I came to the church with my dear Madrillena friend, Maria. Maria, a sort of angel herself, has befriended several of the sisters of the convent and had arranged for us to have ‘abrazos en distancia’ (hugs at a distance) with one of them, Sister Angelica.
These cloistered nuns live under the vows of poverty, solitude, and silence. When we arrived a few minutes before the mass, we were unsure as to how and where we would meet the sister. Several texts were exchanged, and finally the message came by WhatsApp, “Go to the torno.”
Maria and I looked at each other uncertainly; we both pointed to a small wooden portal located between the church and the convent building.
As we got to near to it, Maria whispered in Spanish, “We are here.”
The platform slowly turned, and a large, old key arrived before us.
We took the key and opened the imposing, adjacent wooden door. There, behind a metal grill, an angel sat. It was Sister Angelica.
The sister, originally from Peru and probably in her early thirties, was radiant. Her habit, adorned with its simple red and blue cross, was dazzlingly white, like the shade described in the Bible verse of the transfiguration…
After six days Jesus took with him Peter, James, and John, the brother of James, and led them up a high mountain by themselves. There he was transfigured before them. His face shone like the sun, and his clothes became as white as the light.
The young nun’s beautiful, natural smile and big brown eyes lit the small room. From behind the screen, she reached out. Our fingers met on one of the barrier’s metal bars. The abrazo en distancia was touching in every sense. I was so moved that I wanted to cry. The words Graham Greene once used to describe sanctity ran through my mind.
“There are some people who are so good that their existence convinces me that there is a God…”

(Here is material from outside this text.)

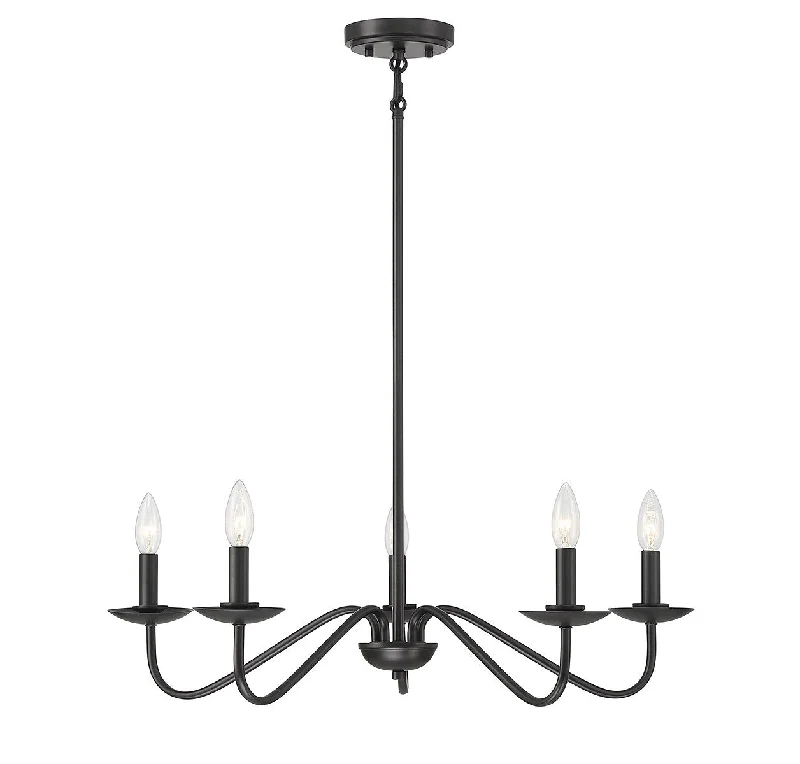 Oversized Chandeliers as a Statement Piece in Living RoomsOversized Chandeliers as a Statement Piece in Living RoomsMeridian M100120MBK Chandelier Light - Matte Black
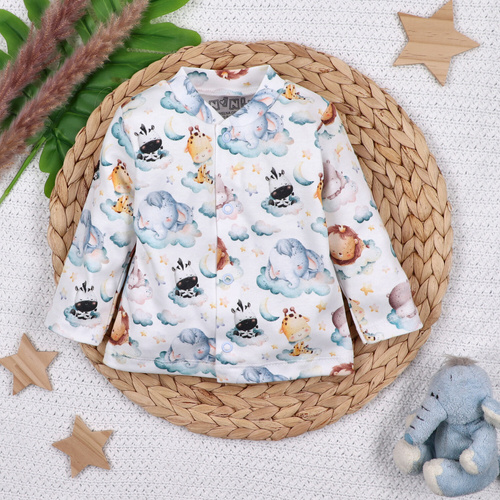 ABN-5610 Caftán para bebé de algodón orgánico Nini's Little Dreamers - botones automáticos sin níquel, seguros y cómodos para el bebé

After conversing back and forth for about twenty minutes, we all realized the mass was beginning; we said our goodbyes. Maria and I entered the church, and immediately we heard the sisters singing. I looked up to the choir loft, and behind its large metal grill, I saw the outlines of the figures of about ten sisters. They glowed in their bright white habits.
Maria and I took our seats, with what I counted to be about forty others. After forty-five minutes or so, the service ended.
Then, something unexpected and unforgettable happened. As we processed out of the church, several of the nuns moved to the front of the choir loft. From above, just behind the grill, they began to wave goodbye to the mass attendees. These were not gestures of sadness; they transmitted pure joy.
I was overcome. Tears streamed down my face. At that moment, I realized that in their seclusion and silence, these women had learned things that, despite all my travels and immersion in the world, I could never learn.
They are angels among us. Seeing them, hearing them, and feeling their holiness, the horror of the monsters receded.
I have visited Madrid countless times. It is a glorious city filled with famous museums and magnificent monuments; yet, I can assure you that there is no experience here more profound than attending the Sunday mass with the sisters of the Convento de las Monjas Trinitarias Descalzas.
Fabulous! Thank you. Beautiful post.